The facts revealed by this record show that the parties have been married since 1946. Two children are grown and gone. Appellant is a retired navy man. He acquired a small business with $1,500 borrowed by his wife from the credit union where she had worked for thirteen years earning $7,500.00 annually.
Several errors are urged as grounds for reversal. First, appellant contends it was error to award his equity in the marital home to appellee as lump sum alimony. No error is shown in that regard. The final judgment does not denominate the award of equity as lump sum alimony. Rather, the evidence in this record reveals that such award more likely amounts to a division of assets based upon equitable principles, since the equity in the home approximated the amount appellee borrowed from her credit union and furnished to appellant so that he could invest in the small business which the trial court awarded entirely to him.
The two remaining points raised by appellant have merit and require reversal in part. The first of these contends it was error to award the appellee wife $100.00 per month alimony when the record shows that appellant's ability to make such payments are no greater than appellee's ability to provide for herself. Appellant's earnings from his business and navy retirement pay combined are no greater than appellee's own earnings from her well established employment of thirteen years standing. In absence of evidence that the appellee cannot fulfill her own needs, there does not appear any basis for an award of alimony at this time under the new "no fault — no responsibility" divorce law recently enacted by the state legislature.
The public policy under the new law which the legislature passed and which therefore we must apply seems to be that if the spouse has the capacity to make her own way through the remainder of her life unassisted by the former husband, then the courts cannot require him to pay alimony other than for rehabilitative purposes.
While this new public policy does not conform to the "old fashioned" thinking that once prevailed in Florida, the only remedy available to those affronted by it is to seek relief from our "new fashioned" legislature.
Accordingly, we reverse the monthly alimony award with directions that the trial court retain jurisdiction for future award of alimony in the event future circumstances dictate such an award.
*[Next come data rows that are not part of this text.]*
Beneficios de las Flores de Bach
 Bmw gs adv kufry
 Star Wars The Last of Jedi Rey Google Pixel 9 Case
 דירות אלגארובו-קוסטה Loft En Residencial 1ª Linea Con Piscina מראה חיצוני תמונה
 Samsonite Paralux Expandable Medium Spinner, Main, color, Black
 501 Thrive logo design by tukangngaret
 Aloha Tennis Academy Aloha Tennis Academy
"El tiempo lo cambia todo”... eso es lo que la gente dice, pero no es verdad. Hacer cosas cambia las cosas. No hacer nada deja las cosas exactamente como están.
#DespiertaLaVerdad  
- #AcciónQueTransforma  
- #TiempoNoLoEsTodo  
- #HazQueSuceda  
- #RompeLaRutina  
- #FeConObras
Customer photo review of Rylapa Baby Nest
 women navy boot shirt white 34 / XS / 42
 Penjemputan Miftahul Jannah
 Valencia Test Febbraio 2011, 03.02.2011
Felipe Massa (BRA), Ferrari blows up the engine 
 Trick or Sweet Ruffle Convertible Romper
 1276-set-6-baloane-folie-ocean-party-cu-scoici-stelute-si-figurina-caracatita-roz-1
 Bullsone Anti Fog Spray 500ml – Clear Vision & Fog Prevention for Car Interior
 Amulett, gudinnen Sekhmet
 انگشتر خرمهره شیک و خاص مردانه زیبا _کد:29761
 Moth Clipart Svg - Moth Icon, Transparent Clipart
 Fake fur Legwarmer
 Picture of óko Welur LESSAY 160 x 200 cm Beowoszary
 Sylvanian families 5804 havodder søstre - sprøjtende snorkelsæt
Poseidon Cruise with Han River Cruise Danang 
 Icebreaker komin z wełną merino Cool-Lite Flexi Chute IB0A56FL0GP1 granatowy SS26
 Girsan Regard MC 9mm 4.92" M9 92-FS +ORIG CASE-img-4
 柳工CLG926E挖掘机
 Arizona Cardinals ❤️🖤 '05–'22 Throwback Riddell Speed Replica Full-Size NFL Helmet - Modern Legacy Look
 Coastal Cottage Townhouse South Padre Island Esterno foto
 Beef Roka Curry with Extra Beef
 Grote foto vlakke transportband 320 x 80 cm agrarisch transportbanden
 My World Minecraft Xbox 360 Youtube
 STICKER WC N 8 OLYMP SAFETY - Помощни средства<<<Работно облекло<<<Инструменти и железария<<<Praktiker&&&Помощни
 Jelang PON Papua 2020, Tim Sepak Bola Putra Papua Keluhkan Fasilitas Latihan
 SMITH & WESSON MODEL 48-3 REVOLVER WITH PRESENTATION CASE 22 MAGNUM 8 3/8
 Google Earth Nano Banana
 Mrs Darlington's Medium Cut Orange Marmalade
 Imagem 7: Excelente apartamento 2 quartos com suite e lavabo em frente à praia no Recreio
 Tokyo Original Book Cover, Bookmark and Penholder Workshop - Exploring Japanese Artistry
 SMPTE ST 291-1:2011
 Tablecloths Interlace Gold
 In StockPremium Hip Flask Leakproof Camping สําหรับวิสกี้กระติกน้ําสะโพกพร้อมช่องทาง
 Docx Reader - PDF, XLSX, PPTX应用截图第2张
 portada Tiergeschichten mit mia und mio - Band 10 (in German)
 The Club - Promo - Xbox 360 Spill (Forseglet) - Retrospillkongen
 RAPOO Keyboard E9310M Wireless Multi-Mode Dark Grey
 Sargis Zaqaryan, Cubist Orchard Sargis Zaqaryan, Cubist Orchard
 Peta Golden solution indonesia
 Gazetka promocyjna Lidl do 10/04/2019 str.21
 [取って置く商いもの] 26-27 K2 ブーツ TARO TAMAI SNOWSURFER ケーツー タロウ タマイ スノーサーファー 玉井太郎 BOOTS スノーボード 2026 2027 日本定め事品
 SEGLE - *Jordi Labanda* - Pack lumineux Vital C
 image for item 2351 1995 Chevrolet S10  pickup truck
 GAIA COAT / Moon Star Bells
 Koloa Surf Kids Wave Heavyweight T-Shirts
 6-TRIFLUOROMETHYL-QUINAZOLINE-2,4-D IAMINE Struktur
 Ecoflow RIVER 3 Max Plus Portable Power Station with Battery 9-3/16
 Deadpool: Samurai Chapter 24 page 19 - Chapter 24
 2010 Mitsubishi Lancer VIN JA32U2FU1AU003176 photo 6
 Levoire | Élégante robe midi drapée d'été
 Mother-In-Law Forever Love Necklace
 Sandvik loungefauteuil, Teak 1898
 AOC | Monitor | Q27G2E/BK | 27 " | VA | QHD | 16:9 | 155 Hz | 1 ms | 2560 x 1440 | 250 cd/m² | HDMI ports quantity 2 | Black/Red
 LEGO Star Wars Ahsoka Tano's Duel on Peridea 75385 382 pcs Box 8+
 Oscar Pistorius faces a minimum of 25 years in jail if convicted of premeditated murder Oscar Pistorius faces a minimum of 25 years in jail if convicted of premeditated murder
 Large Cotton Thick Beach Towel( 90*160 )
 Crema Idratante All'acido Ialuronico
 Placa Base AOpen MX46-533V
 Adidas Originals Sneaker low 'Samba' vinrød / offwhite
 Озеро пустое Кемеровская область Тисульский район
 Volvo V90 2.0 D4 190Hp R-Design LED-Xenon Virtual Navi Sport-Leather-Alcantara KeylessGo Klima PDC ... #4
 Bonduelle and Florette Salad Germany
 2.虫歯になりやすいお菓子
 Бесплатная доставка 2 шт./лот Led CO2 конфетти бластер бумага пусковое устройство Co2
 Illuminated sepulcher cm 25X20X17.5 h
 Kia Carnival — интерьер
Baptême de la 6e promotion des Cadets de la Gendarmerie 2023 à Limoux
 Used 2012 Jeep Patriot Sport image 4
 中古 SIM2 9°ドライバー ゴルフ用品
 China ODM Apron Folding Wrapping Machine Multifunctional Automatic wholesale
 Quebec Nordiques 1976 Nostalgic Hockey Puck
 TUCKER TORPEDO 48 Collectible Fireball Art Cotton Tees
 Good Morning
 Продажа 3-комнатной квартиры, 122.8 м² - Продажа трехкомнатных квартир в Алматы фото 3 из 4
See Beard v. Beard, 262 So.2d 269 (Fla.App. 1972); and Thigpen v. Thigpen, 277 So.2d 583 (Fla.App. 1973).
The remaining issue deals with the lower court's order requiring appellant to retain appellee as beneficiary of his life insurance policy to secure the payment of alimony. Inasmuch as we hold that alimony is not warranted at this time, it follows that provisions contained in the judgment for securing the payment thereof are likewise unnecessary. Accordingly, that portion of the judgment is also reversed.
Affirmed in part and reversed in part.
WIGGINTON, Acting C.J., and JOHNSON, J., concur.